Thursday, May 24, 2012
This depends on where you are starting your bed. If you are carving out an area from turf, I think the best is what is called “sheet mulching” and preparing your bed the year before you want to plant in it.
The first thing you want to do for any bed is to have a soil test done to see what amendments your soil needs. You can get a do it yourself kit or take some soil into your local extension office.
With this technique, you create a lasagna that snuffs out the grass and builds amazing soil. You start with a thin layer of soil amendments (lime, greensand, rock dust, etc.), then a thin layer of manure (or other nitrogen rich source), then a layer of cardboard or newspaper 1/4 to 1/2” thick and well overlapped, then another layer of manure, 8-12” of hay/straw/yard waste, 1-2” of compost, all topped by 2” of straw/wood chips/sawdust/leaves/other seedless mulch. Wet each layer as it goes down. The lasagna needs moisture to get cooking.
If you use regular mulch as the top layer, it will look like a typical flower bed.
You can use a broadfork before you start for holes deep in the soil so nutrients and microbes can penetrate further into the earth.
By spring, you will have a garden spot teaming with worms, microbes, greatly improved soil structure, rich black soil, and ready to plant.

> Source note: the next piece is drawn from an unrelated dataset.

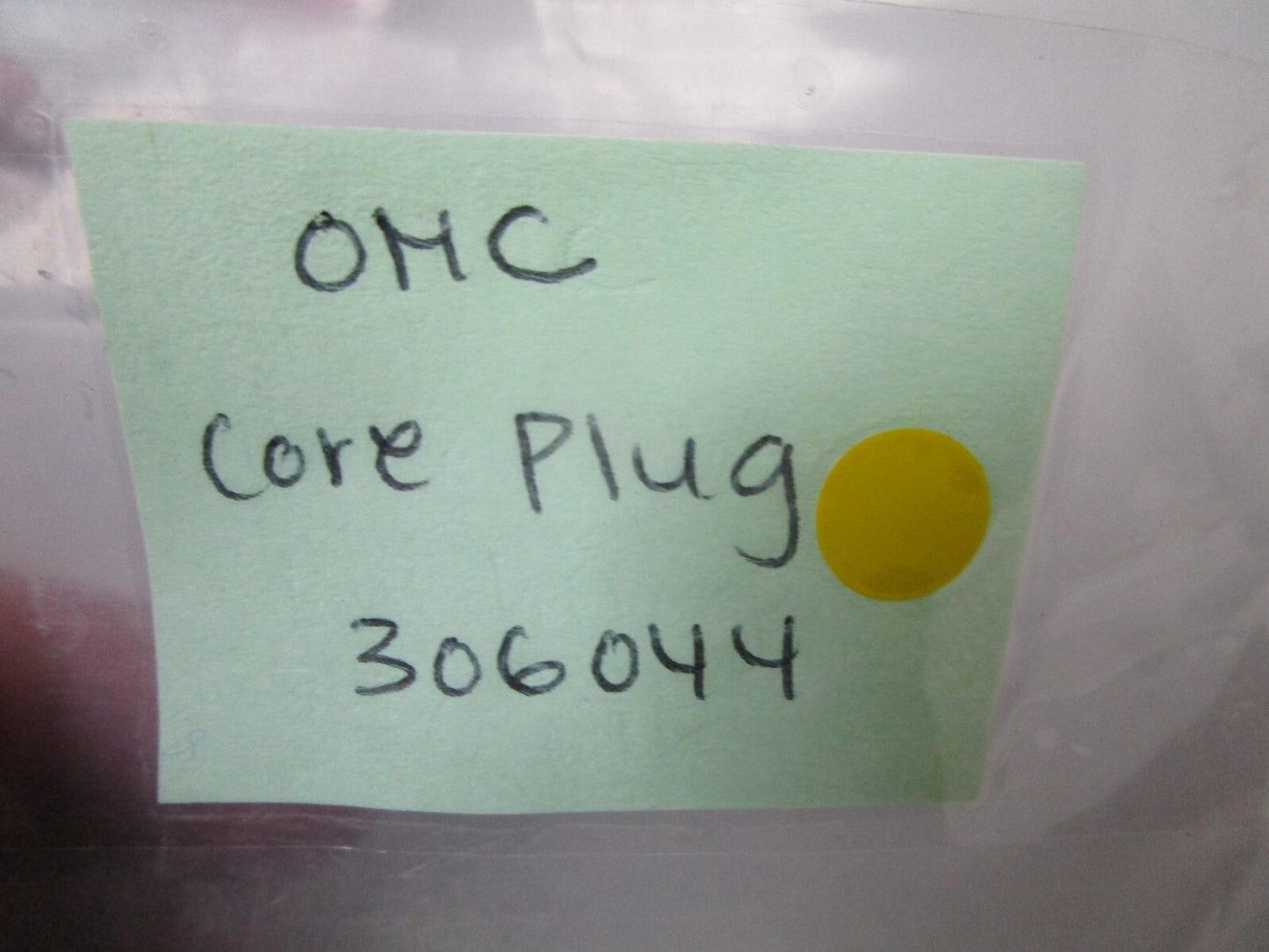 *NEW OEM* (LOT OF 3) 0750 OMC Johnson Evinrude CORE PLUG 306044 0306044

A second technique is to till in compost and fertilizer. The cons to this are that a “hard pan” is created where the tiller tines scrap on bottom, it destroys soil structure and microbial colonies, and it oxidizes the soil, causing a quick burn off of the nitrogen and carbon in the soil. You’ll have a great garden for a year or two, but you are using up the nutrients at warp speed. Last, it is a lot of work and tillers aren’t cheap.